2WD vs 4WD
Are you ready to start designing your custom van, but don’t have a chassis yet? One of the biggest questions you may have is whether a 2-wheel drive vs a 4-wheel drive vehicle is the right choice. The truth is, it all depends on how you ultimately plan to use it. Check out the information below to see the pros and cons of choosing a 2-wheel drive chassis.
“THERE HASN’T BEEN A DAY WHEN I’VE TURNED AROUND WHEN DRIVING TO A SKI RESORT.”
— DANNY E, 2WD van owner
2-WHEEL DRIVE PROS:
With less weight in the front (about 270lb less compared to a 4WD), the 2WD chassis gets better fuel economy than 4WD. On long haul trips, this savings really adds up, especially if you’re using your van as a daily driver.

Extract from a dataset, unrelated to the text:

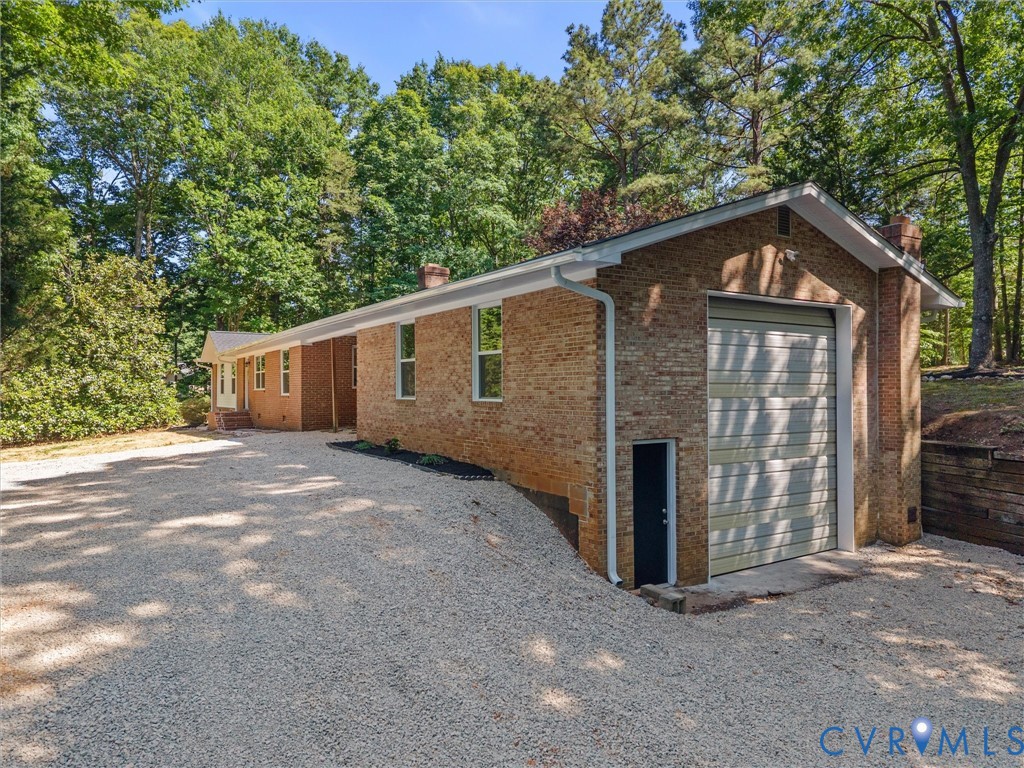 2725 Daphne Ln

2WD vans typically cost around $10k less than a 4WD.
2WD Mercedes-Benz Sprinter chassis are much easier to source than 4WD. This is due to the low amount of 4WD chassis Mercedes-Benz imports each year. Wait lists for 4WD chassis can be extremely long, some lasting up to 6 months. 2WD vans are much more readily available — we even have three 2WD vans available at our shop.
Winter: With the right tires (such as studded or non-studded winter tires), a good amount of weight over the rear axle, and some winter driving smarts behind the wheel, 2WD vans are able to handle snowy and icy conditions. For extreme snow conditions on challenging roads, we recommend carrying a set of chains as back-up.
Dirt Roads: With the right tires (like all-terrain), 2WD vans can handle gravel roads and slightly rutted dirt roads, as long as they’re not extremely muddy.
Though the 4WD chassis may look like it has more ground clearance than a 2WD because the body height is lifted about 3-4” higher, the actual driveline is the same, so the ground clearance is equal.
“With the right tires, I’ve found that I’ve rarely needed to chain up in the winter months while enjoying better gas mileage on dry roads and highways when I’ve needed to cover some ground.”
— Chi M, 2WD van owner
2-WHEEL DRIVE CONS:
Winter: If the conditions are extreme or the pitch of the roadway is challenging, gaining momentum in a 2WD may prove difficult as compared to a 4WD. This is why we recommend carrying a set of chains as back-up for these situations.
Dirt Roads: If the road is extremely muddy, rutted, or rocky it is not recommended to take a 2WD van on it. The risk of getting stuck is very high. Due to the van’s large size, it’s difficult to go true rock-crawling in a van, anyway.
Because of a 2WD van’s difficulty handling the conditions listed above, it’s imperative that you plan for where you’re going before you go. Knowing what’s down that dirt road or what winter weather may be incoming is very important when planning a trip in a 2WD van. If you’re planning driving your 2WD van on remote, potentially rugged BLM or Forest Service roads that you’re unfamiliar with, always use your best judgement and carry essential off-road recovery gear. We recommend carrying a shovel, traction boards, tow straps and shackles.